Narcissists love to showcase their relationships like new handbags. If you have status, looks, skills, or just a really banging Instagram following, you’re their ticket to looking more impressive by association.

Suddenly, you’re being paraded around, introduced as “the genius” or “the one who knows everybody.” When you’re no longer useful for boosting their image?

Expect to get parked quietly in the corner—or dropped entirely for the next shiny new friend.

Noticing the pattern? Ask yourself: Do I feel like a partner, or an accessory? Your social worth shouldn’t be measured by how many likes it gets them.

3. The Favour Factory

If you’re the person who picks up their dry cleaning, rewrites their CV, and always “just happens” to lend them money till payday, you’ve officially been promoted to the Favour Factory floor manager.

Narcissists have a sixth sense for sniffing out generous types who will go above and beyond, all under the guise of “helping out.”

And when you need a hand? Suddenly, they’re busier than the Prime Minister during a scandal.

They’ll promise a payback that never arrives, or—my personal favourite—they’ll recount that one time they did you a tiny favour in 2013 as if it wipes the slate clean forever.
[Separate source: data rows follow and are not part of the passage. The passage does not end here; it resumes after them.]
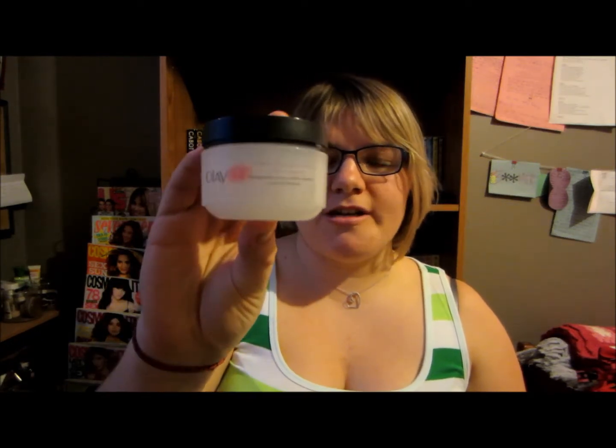The next thing I have is a moisturizer — this is the Olay night firming cream moisturizer. I was using this all fall, putting it on my face before bed. It moisturized my skin, it worked, I liked it. I went to repurchase it when this ran out and I couldn't find it, so I bought the Aveeno one instead. But I'm definitely gonna look for this one again because I really liked it.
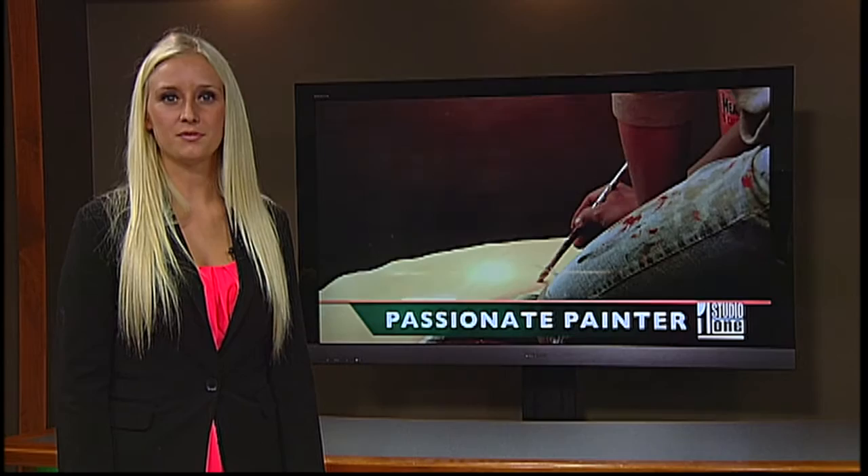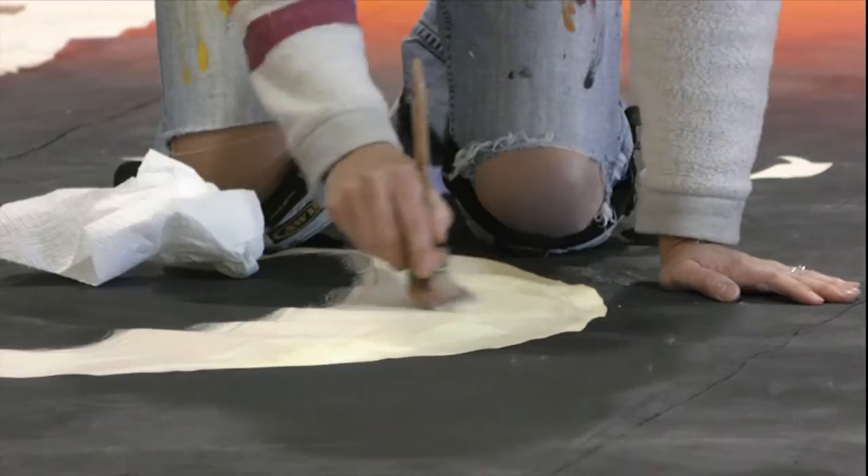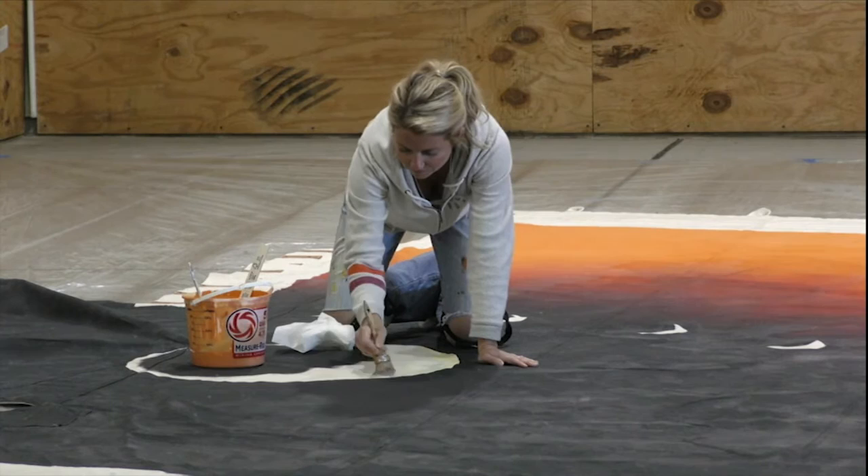When Katie Lee was a teenager, a locksmith was working on doors at her home. He noticed her painting and commented on her work. A couple weeks later, she got a knock on her door. It was the same locksmith, and he had a big, giant canvas that he brought and said, 'This is for you.' He said, 'I think you're going to be a really great artist someday.' Katie has been painting ever since and has made it her profession.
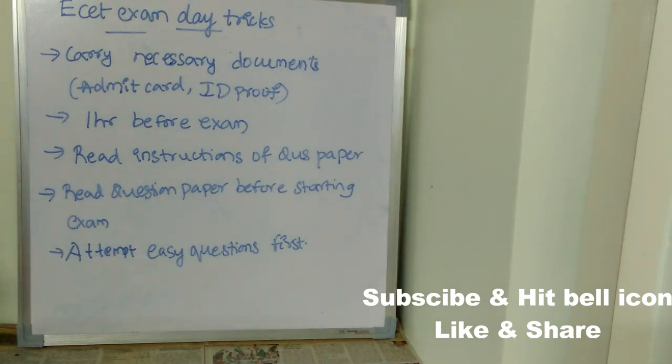For ID proof, there are a few valid options: you can carry your Aadhaar card, voter ID, or driving license. Only valid ID proofs are allowed to the exam. Make sure you pack your necessary documents the day before the exam, so that at the last moment you can relaxedly go for the exam instead of searching for your admit card or ID proof.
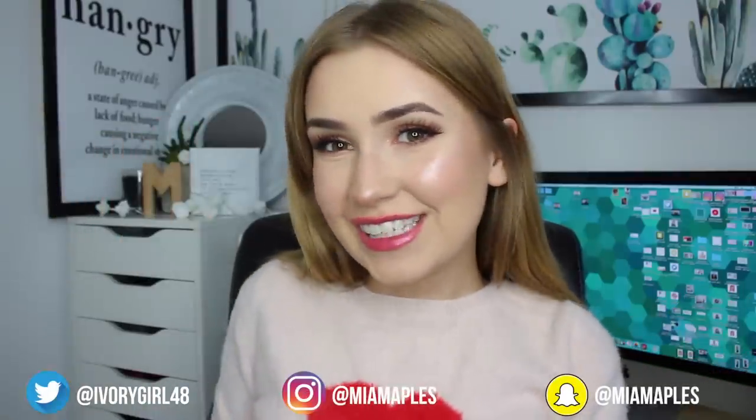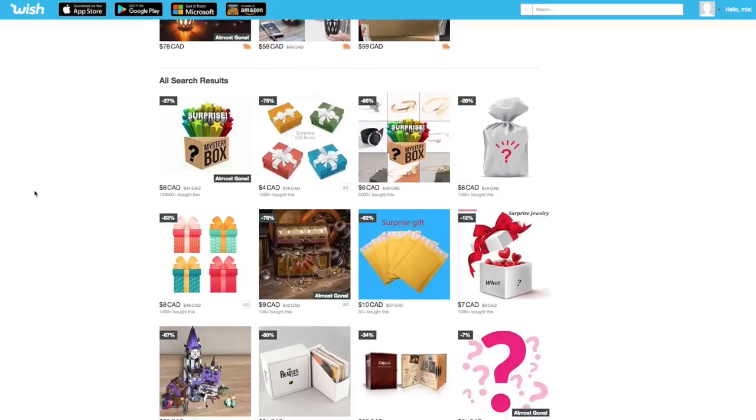Hey everyone, so today I'm doing a very exciting video. We are going to be opening a bunch of mystery boxes off of Wish. Wish is selling mystery boxes now. If you guys missed the trend of eBay mystery boxes, YouTubers would buy mystery boxes off of eBay for low prices or really crazy prices like $10,000, then open it on camera to see if it was a scam or not. I guess Wish caught wind of that idea and jumped on the bandwagon.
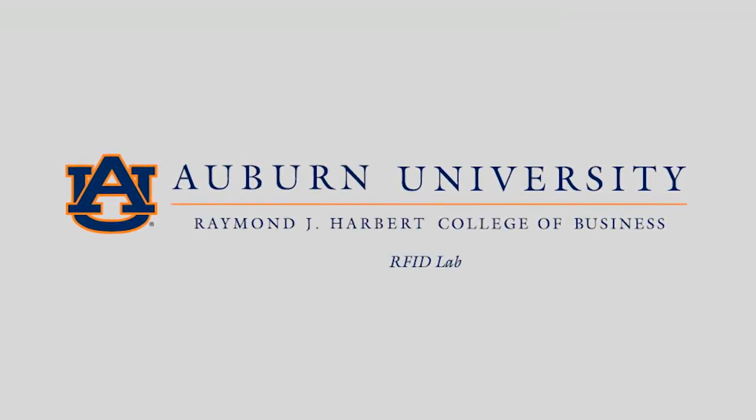This is Bill Hargrave, Dean of the Raymond J. Harbert College of Business at Auburn University. Welcome to the RFID Lab.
Break the cycle by learning the magical power of “No.” Watch as they react like you just unplugged their life support.

4. Scapegoat Stand-In

When things go wrong, guess who’s getting the blame? Hint: It’s not the narcissist. If there’s a mistake to be owned, they’ll serve up your name on a silver platter before you can finish your cup of tea.

From missed deadlines to that burned lasagne, you’ll find yourself apologising for things you had nothing to do with.

It’s a classic power move: by shifting blame, they keep their image squeaky clean while you’re left holding the bag. Over time, it chips away at your confidence and leaves you second-guessing your every move.

Time to start calling out the nonsense—with receipts if you have them. A simple, “I don’t recall agreeing to that” or “That wasn’t my responsibility” works wonders. Watch the panic flicker behind their eyes.

Accountability is the one thing they can’t bear.

5. Gaslight Guru

Ever walked away from a conversation feeling like you’ve just stepped out of a funhouse mirror maze?

Narcissists wield gaslighting like a Jedi lightsaber—warping reality, denying things they said five minutes ago, and convincing you that you’re “too sensitive” or “overreacting.”

If you feel perpetually confused, exhausted, or apologising for things you don’t even remember doing? You’re in the presence of a gaslight guru.

This isn’t just annoying—it’s psychological warfare. Over time, you might start doubting your own memory and instincts. That’s not an accident; that’s the plan.

The antidote? Write things down. Keep a journal, screenshot texts, and check in with trusted friends about what’s actually happening.

A narcissist’s favourite snack is a foggy memory—don’t let them feast.

Reclaim the Remote

Spotting these moves is half the battle. It’s not about outsmarting a narcissist—they’ve made a sport of it, after all—but about reclaiming your own reality.

Next time you catch yourself being siphoned for sympathy, paraded for clout, or blamed for the weather, pause. Ask yourself whose needs are really being served.

Draw your boundaries like you mean them and remember: you’re nobody’s emotional vending machine. If they start to lose interest when the supply dries up, that’s not your loss—it’s your liberation.